## [EXERCISE INSTRUCTIONS]
Each line from the one with "صور 2 Iveco" through the final line of the entries below must be printed exactly, and the pictures must not be.

□ □ □

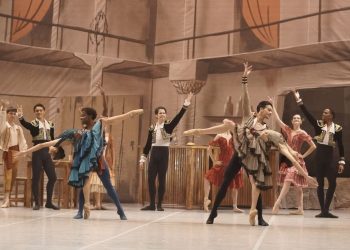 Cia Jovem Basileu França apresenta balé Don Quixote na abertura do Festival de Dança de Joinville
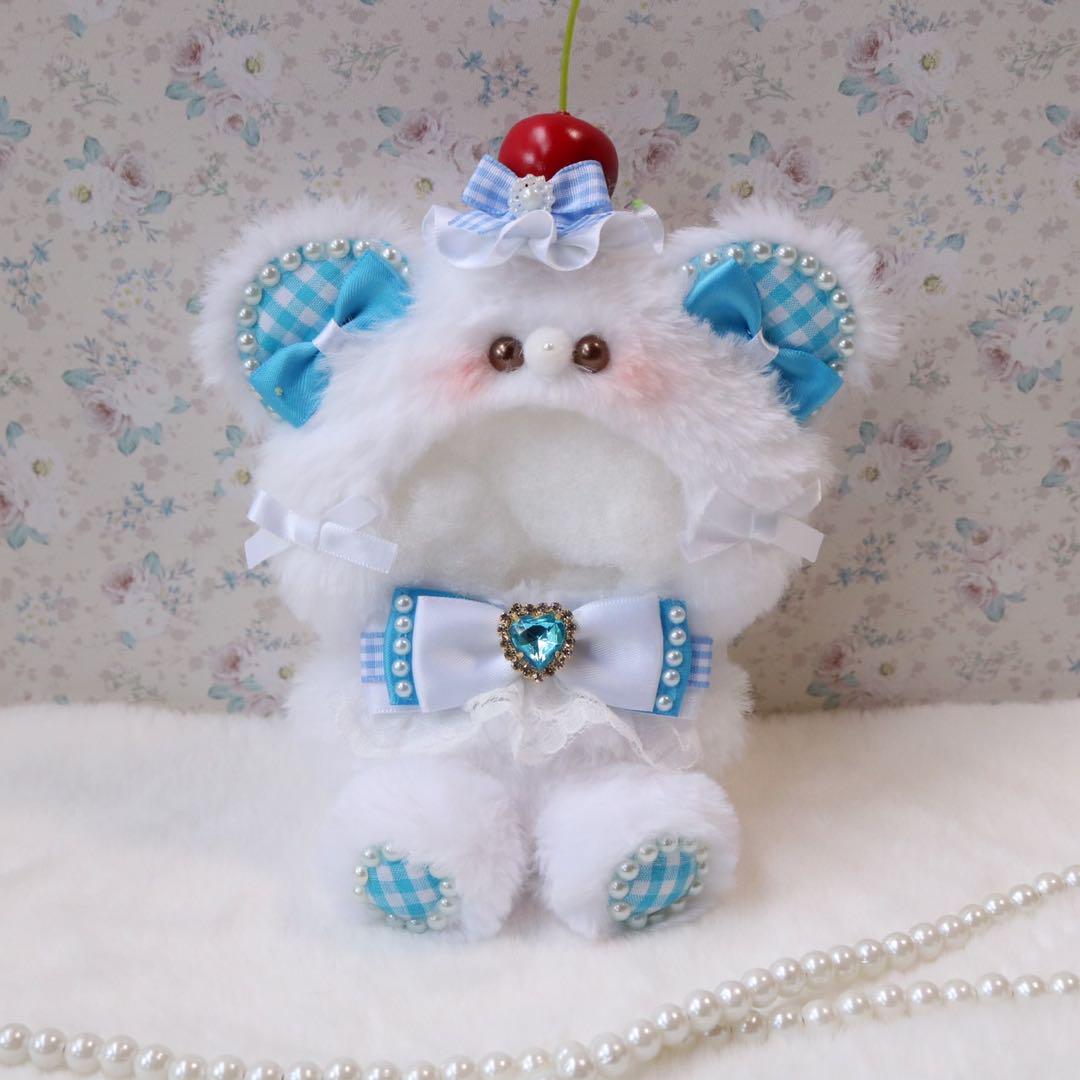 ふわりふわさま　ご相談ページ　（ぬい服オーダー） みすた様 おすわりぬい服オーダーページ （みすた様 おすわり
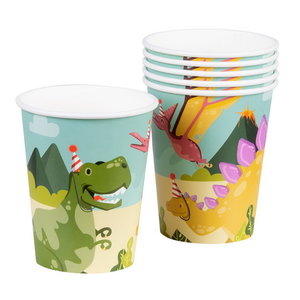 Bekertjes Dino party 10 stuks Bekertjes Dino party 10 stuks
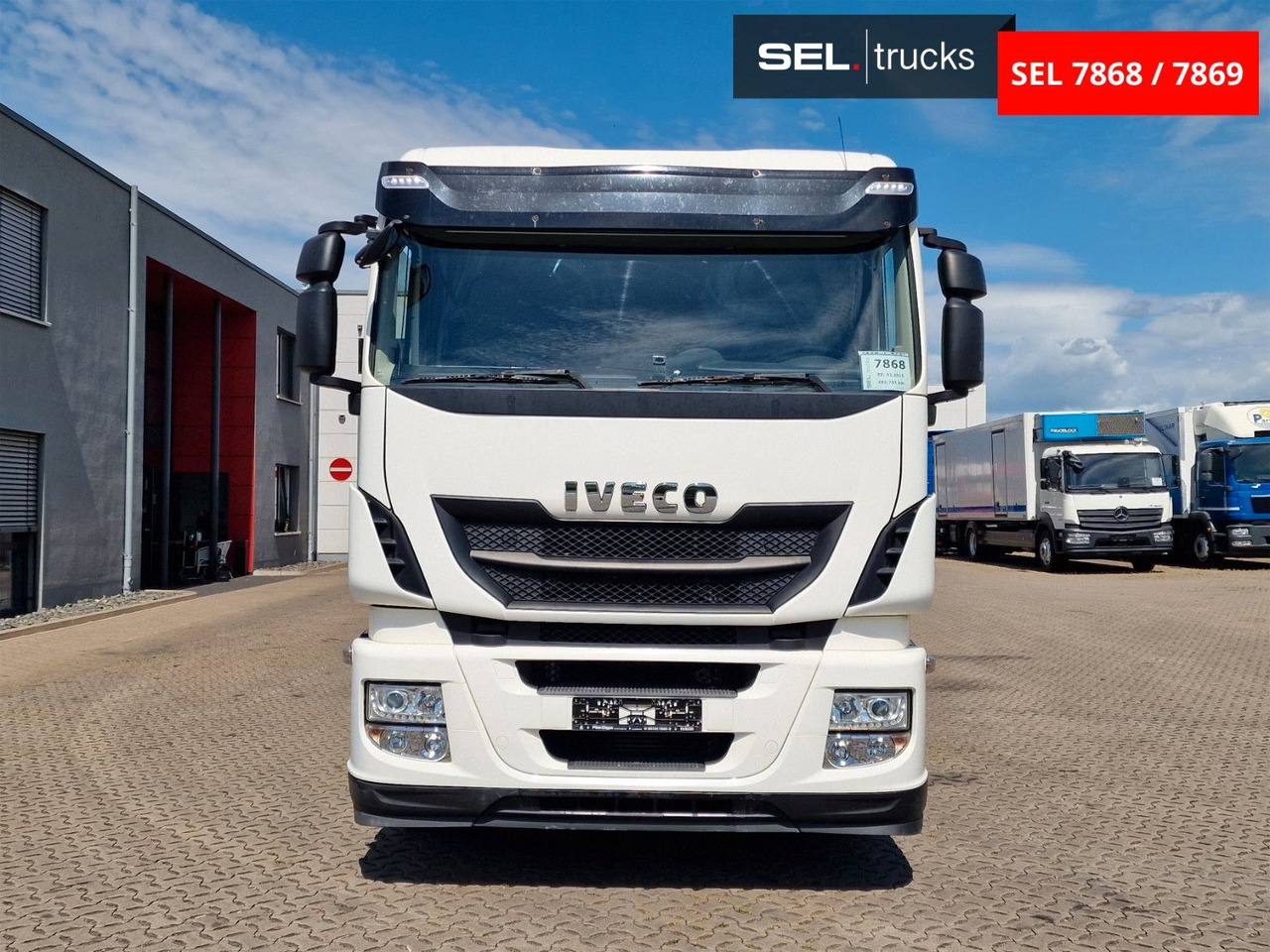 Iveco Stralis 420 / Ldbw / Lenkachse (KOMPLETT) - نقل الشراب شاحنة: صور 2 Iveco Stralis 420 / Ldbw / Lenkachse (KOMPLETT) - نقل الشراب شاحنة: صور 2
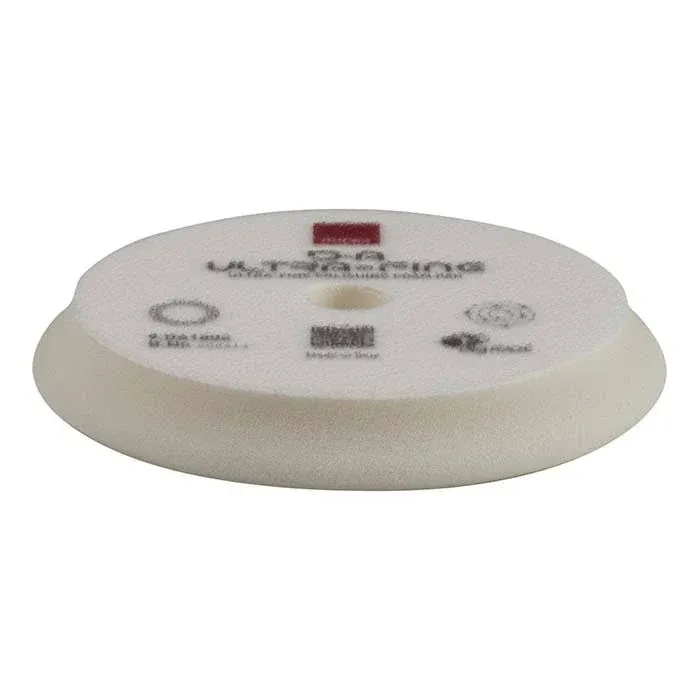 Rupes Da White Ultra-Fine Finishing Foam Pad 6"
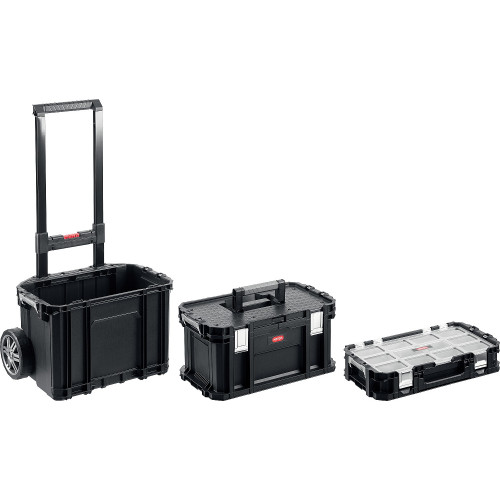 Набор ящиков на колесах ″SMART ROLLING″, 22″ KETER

□ □ □

## [FINISHED EXERCISE]
 Iveco Stralis 420 / Ldbw / Lenkachse (KOMPLETT) - نقل الشراب شاحنة: صور 2 Iveco Stralis 420 / Ldbw / Lenkachse (KOMPLETT) - نقل الشراب شاحنة: صور 2
 Rupes Da White Ultra-Fine Finishing Foam Pad 6"
 Набор ящиков на колесах ″SMART ROLLING″, 22″ KETER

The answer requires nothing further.